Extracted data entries

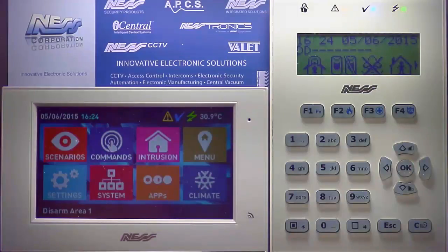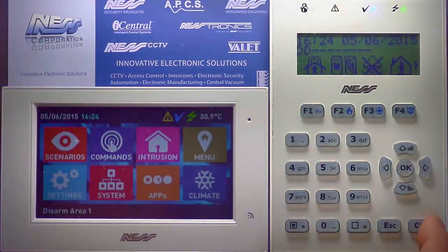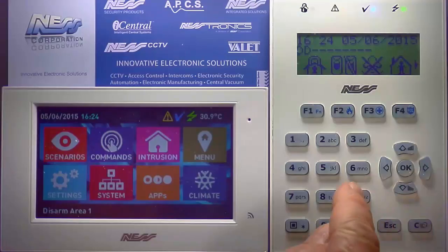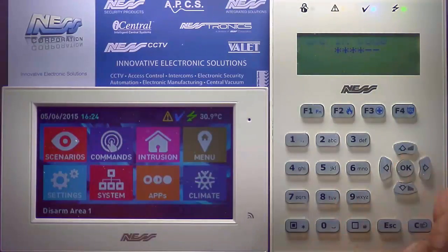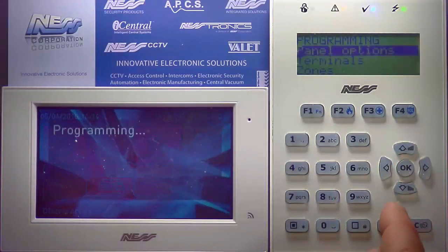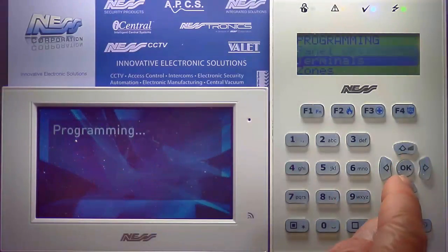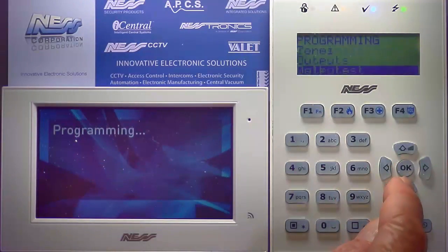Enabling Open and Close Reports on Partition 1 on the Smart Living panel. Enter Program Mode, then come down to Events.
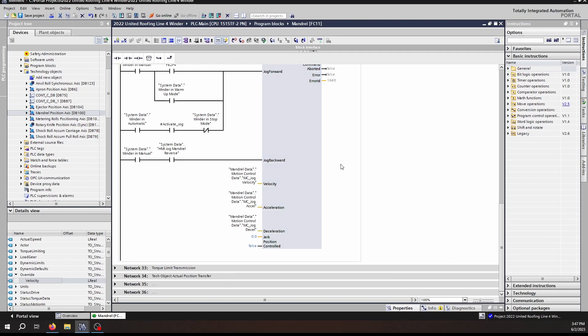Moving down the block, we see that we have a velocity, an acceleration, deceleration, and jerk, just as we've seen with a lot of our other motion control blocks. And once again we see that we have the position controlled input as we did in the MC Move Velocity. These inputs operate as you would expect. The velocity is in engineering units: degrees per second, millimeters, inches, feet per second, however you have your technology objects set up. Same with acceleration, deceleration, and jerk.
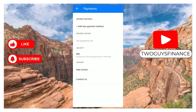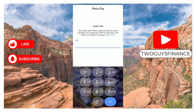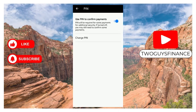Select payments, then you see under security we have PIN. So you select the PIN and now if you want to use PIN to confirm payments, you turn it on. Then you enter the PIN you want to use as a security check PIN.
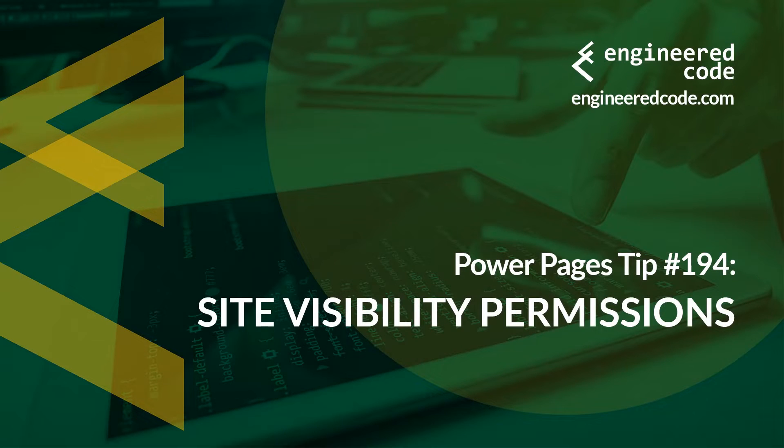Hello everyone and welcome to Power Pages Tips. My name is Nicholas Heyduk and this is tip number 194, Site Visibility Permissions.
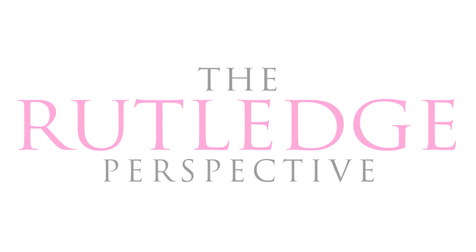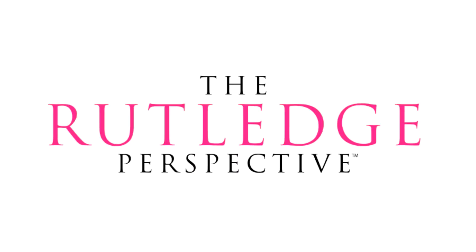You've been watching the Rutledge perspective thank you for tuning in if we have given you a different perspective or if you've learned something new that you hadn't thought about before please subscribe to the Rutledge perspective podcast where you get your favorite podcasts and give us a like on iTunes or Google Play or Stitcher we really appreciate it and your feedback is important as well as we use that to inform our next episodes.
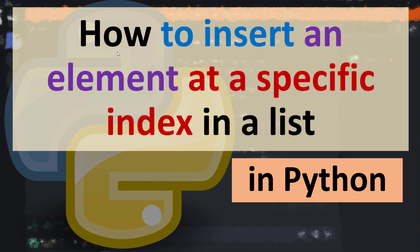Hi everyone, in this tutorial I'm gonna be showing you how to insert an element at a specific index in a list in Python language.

• [Required work] Return the records above verbatim, leaving out images.

• [Result]
Enabling Open and Close Reports on Partition 1 on the Smart Living panel. Enter Program Mode, then come down to Events.
Moving down the block, we see that we have a velocity, an acceleration, deceleration, and jerk, just as we've seen with a lot of our other motion control blocks. And once again we see that we have the position controlled input as we did in the MC Move Velocity. These inputs operate as you would expect. The velocity is in engineering units: degrees per second, millimeters, inches, feet per second, however you have your technology objects set up. Same with acceleration, deceleration, and jerk.
Select payments, then you see under security we have PIN. So you select the PIN and now if you want to use PIN to confirm payments, you turn it on. Then you enter the PIN you want to use as a security check PIN.
Hello everyone and welcome to Power Pages Tips. My name is Nicholas Heyduk and this is tip number 194, Site Visibility Permissions.
You've been watching the Rutledge perspective thank you for tuning in if we have given you a different perspective or if you've learned something new that you hadn't thought about before please subscribe to the Rutledge perspective podcast where you get your favorite podcasts and give us a like on iTunes or Google Play or Stitcher we really appreciate it and your feedback is important as well as we use that to inform our next episodes.
Hi everyone, in this tutorial I'm gonna be showing you how to insert an element at a specific index in a list in Python language.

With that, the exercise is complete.